- **DATASET ENTRIES**
..............................

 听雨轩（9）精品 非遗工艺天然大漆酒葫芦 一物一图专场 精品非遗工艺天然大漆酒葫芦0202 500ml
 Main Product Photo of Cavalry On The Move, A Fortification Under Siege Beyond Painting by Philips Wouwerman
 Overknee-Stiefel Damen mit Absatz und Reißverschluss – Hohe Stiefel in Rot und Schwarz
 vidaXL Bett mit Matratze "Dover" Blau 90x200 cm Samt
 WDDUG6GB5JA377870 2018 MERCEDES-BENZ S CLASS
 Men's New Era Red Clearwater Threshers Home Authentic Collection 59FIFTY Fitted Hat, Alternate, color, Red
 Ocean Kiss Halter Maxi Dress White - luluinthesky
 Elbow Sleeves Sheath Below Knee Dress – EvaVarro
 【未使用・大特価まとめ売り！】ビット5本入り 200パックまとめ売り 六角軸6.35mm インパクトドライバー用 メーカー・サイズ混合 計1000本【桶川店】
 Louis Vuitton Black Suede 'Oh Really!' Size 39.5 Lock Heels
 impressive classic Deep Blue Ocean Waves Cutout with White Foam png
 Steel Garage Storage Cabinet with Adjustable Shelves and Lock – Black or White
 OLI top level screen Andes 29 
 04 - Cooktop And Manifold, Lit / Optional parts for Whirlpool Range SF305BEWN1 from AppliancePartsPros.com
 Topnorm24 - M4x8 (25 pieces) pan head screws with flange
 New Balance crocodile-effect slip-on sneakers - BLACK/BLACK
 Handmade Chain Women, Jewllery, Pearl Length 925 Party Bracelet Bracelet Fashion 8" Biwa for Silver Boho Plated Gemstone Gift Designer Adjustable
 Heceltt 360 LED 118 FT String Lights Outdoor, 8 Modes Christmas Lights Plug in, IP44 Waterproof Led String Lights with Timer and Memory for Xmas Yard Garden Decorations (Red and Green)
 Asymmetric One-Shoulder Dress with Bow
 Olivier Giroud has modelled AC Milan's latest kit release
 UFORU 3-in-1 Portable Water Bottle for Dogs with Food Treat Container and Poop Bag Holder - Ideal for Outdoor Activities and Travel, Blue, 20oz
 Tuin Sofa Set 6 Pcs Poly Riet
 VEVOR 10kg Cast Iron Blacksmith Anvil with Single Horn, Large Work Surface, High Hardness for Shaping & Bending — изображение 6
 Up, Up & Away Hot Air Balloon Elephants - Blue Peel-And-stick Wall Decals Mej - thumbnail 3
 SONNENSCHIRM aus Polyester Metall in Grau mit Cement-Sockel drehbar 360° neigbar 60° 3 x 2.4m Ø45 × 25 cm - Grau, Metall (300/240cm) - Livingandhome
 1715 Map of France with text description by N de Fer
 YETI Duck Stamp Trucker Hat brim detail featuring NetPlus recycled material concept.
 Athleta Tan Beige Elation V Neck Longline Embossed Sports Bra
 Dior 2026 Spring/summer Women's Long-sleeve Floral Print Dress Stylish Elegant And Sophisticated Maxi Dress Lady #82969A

..............................

- **WORK TO COMPLETE**
Restate all of the entries above precisely.

- **RESPONSE AREA**
 听雨轩（9）精品 非遗工艺天然大漆酒葫芦 一物一图专场 精品非遗工艺天然大漆酒葫芦0202 500ml
 Main Product Photo of Cavalry On The Move, A Fortification Under Siege Beyond Painting by Philips Wouwerman
 Overknee-Stiefel Damen mit Absatz und Reißverschluss – Hohe Stiefel in Rot und Schwarz
 vidaXL Bett mit Matratze "Dover" Blau 90x200 cm Samt
 WDDUG6GB5JA377870 2018 MERCEDES-BENZ S CLASS
 Men's New Era Red Clearwater Threshers Home Authentic Collection 59FIFTY Fitted Hat, Alternate, color, Red
 Ocean Kiss Halter Maxi Dress White - luluinthesky
 Elbow Sleeves Sheath Below Knee Dress – EvaVarro
 【未使用・大特価まとめ売り！】ビット5本入り 200パックまとめ売り 六角軸6.35mm インパクトドライバー用 メーカー・サイズ混合 計1000本【桶川店】
 Louis Vuitton Black Suede 'Oh Really!' Size 39.5 Lock Heels
 impressive classic Deep Blue Ocean Waves Cutout with White Foam png
 Steel Garage Storage Cabinet with Adjustable Shelves and Lock – Black or White
 OLI top level screen Andes 29 
 04 - Cooktop And Manifold, Lit / Optional parts for Whirlpool Range SF305BEWN1 from AppliancePartsPros.com
 Topnorm24 - M4x8 (25 pieces) pan head screws with flange
 New Balance crocodile-effect slip-on sneakers - BLACK/BLACK
 Handmade Chain Women, Jewllery, Pearl Length 925 Party Bracelet Bracelet Fashion 8" Biwa for Silver Boho Plated Gemstone Gift Designer Adjustable
 Heceltt 360 LED 118 FT String Lights Outdoor, 8 Modes Christmas Lights Plug in, IP44 Waterproof Led String Lights with Timer and Memory for Xmas Yard Garden Decorations (Red and Green)
 Asymmetric One-Shoulder Dress with Bow
 Olivier Giroud has modelled AC Milan's latest kit release
 UFORU 3-in-1 Portable Water Bottle for Dogs with Food Treat Container and Poop Bag Holder - Ideal for Outdoor Activities and Travel, Blue, 20oz
 Tuin Sofa Set 6 Pcs Poly Riet
 VEVOR 10kg Cast Iron Blacksmith Anvil with Single Horn, Large Work Surface, High Hardness for Shaping & Bending — изображение 6
 Up, Up & Away Hot Air Balloon Elephants - Blue Peel-And-stick Wall Decals Mej - thumbnail 3
 SONNENSCHIRM aus Polyester Metall in Grau mit Cement-Sockel drehbar 360° neigbar 60° 3 x 2.4m Ø45 × 25 cm - Grau, Metall (300/240cm) - Livingandhome
 1715 Map of France with text description by N de Fer
 YETI Duck Stamp Trucker Hat brim detail featuring NetPlus recycled material concept.
 Athleta Tan Beige Elation V Neck Longline Embossed Sports Bra
 Dior 2026 Spring/summer Women's Long-sleeve Floral Print Dress Stylish Elegant And Sophisticated Maxi Dress Lady #82969A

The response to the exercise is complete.